Dataset entries:

"""

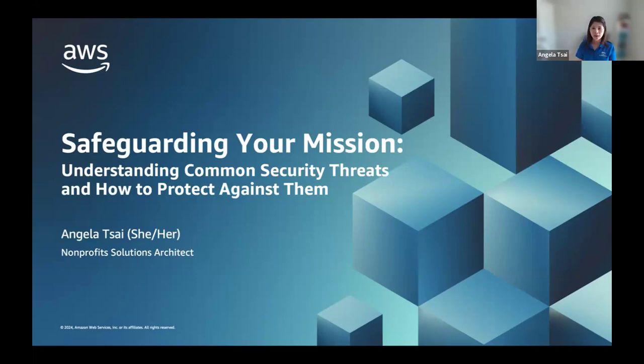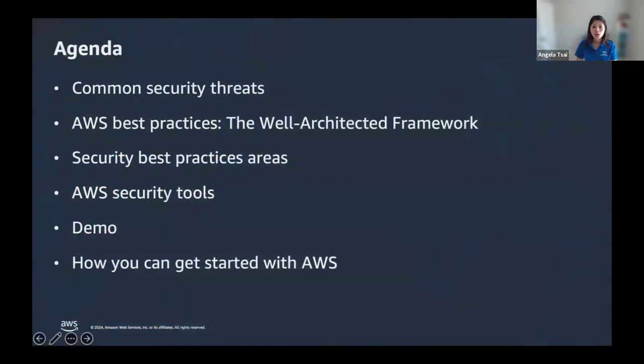Hopefully by the end of the webinar, you will walk away with concrete tips and best practices that we have put out for our customers so you can apply them to your organization and your application, whether you are hosted in the cloud or not. I do have my colleague Mike Hume with me today, who will be monitoring the chat. The rough agenda: I'll discuss common threats, best practices, security best practice areas, then share security tools we offer for customers in the cloud, do a quick demo, and end with resources.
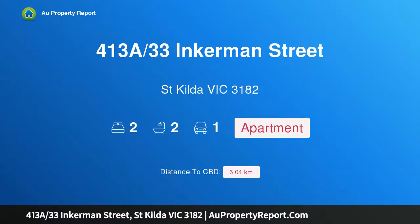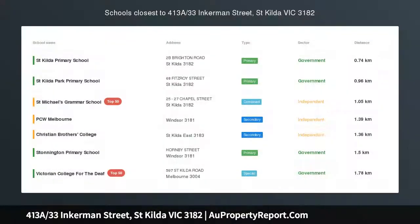Hi, I am glad to introduce property 4138, 33 Inkerman Street, St Kilda Victoria 3182. Large, bright, and well-located, situated in the heart of St Kilda.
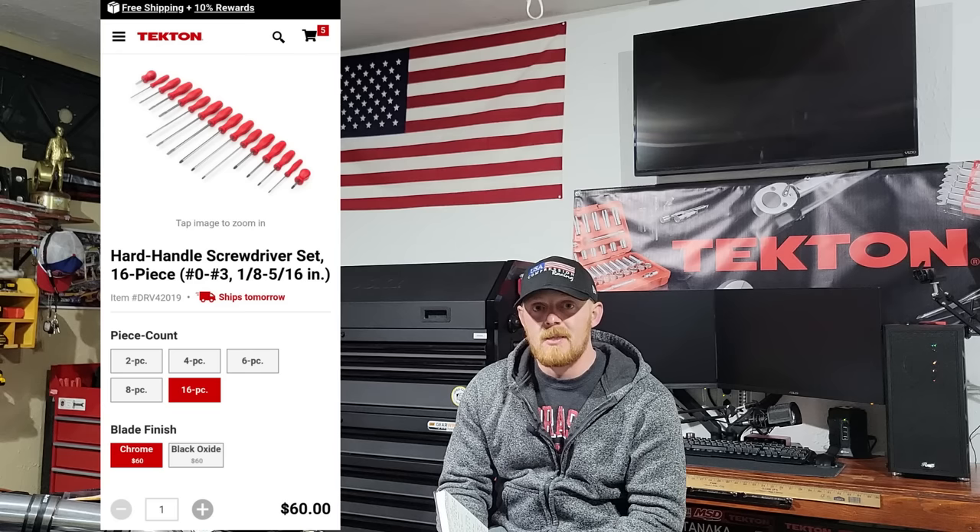For screwdrivers, I get a smaller set. A lot of the time I use bit screwdrivers with a small impact driver, so individual screwdrivers are few and far between. Tekton has a lot of USA-made screwdrivers at very affordable prices with two different handle designs. You can get a 16-piece set for $60, made in the USA — either the hard handle or the trilobe design. Can't go wrong.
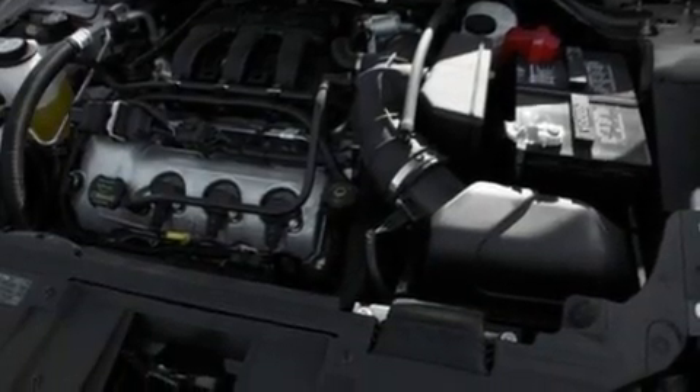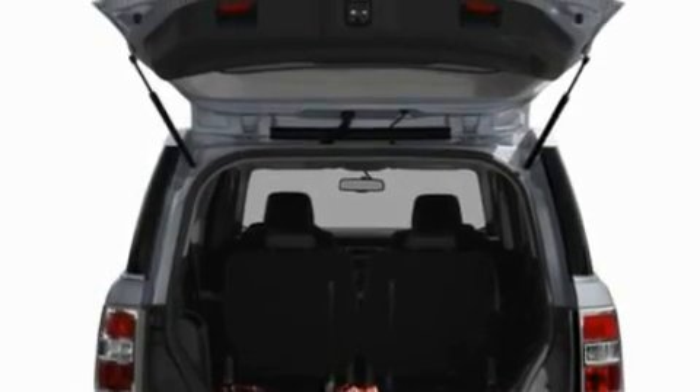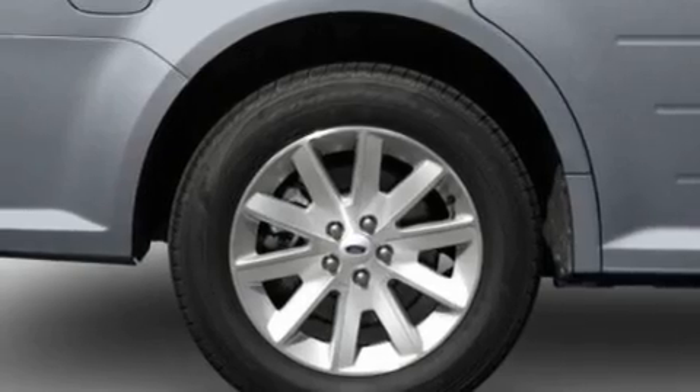Its top features include the adjustable driver pedals. They allow you to tailor the position of the foot pedals, moving them closer and higher to perfect your control over the vehicle.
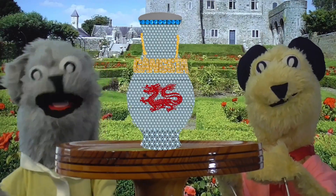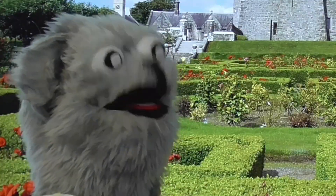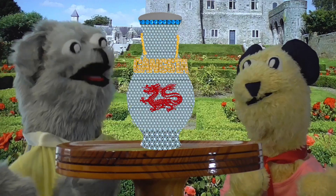Welcome back to the Vintage Roadshow. I'm joined here by this young lad who's brought in a fascinating item.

"""

Exactly as written, return each line above and leave the pictures behind.

Hopefully by the end of the webinar, you will walk away with concrete tips and best practices that we have put out for our customers so you can apply them to your organization and your application, whether you are hosted in the cloud or not. I do have my colleague Mike Hume with me today, who will be monitoring the chat. The rough agenda: I'll discuss common threats, best practices, security best practice areas, then share security tools we offer for customers in the cloud, do a quick demo, and end with resources.
Hi, I am glad to introduce property 4138, 33 Inkerman Street, St Kilda Victoria 3182. Large, bright, and well-located, situated in the heart of St Kilda.
For screwdrivers, I get a smaller set. A lot of the time I use bit screwdrivers with a small impact driver, so individual screwdrivers are few and far between. Tekton has a lot of USA-made screwdrivers at very affordable prices with two different handle designs. You can get a 16-piece set for $60, made in the USA — either the hard handle or the trilobe design. Can't go wrong.
Its top features include the adjustable driver pedals. They allow you to tailor the position of the foot pedals, moving them closer and higher to perfect your control over the vehicle.
Welcome back to the Vintage Roadshow. I'm joined here by this young lad who's brought in a fascinating item.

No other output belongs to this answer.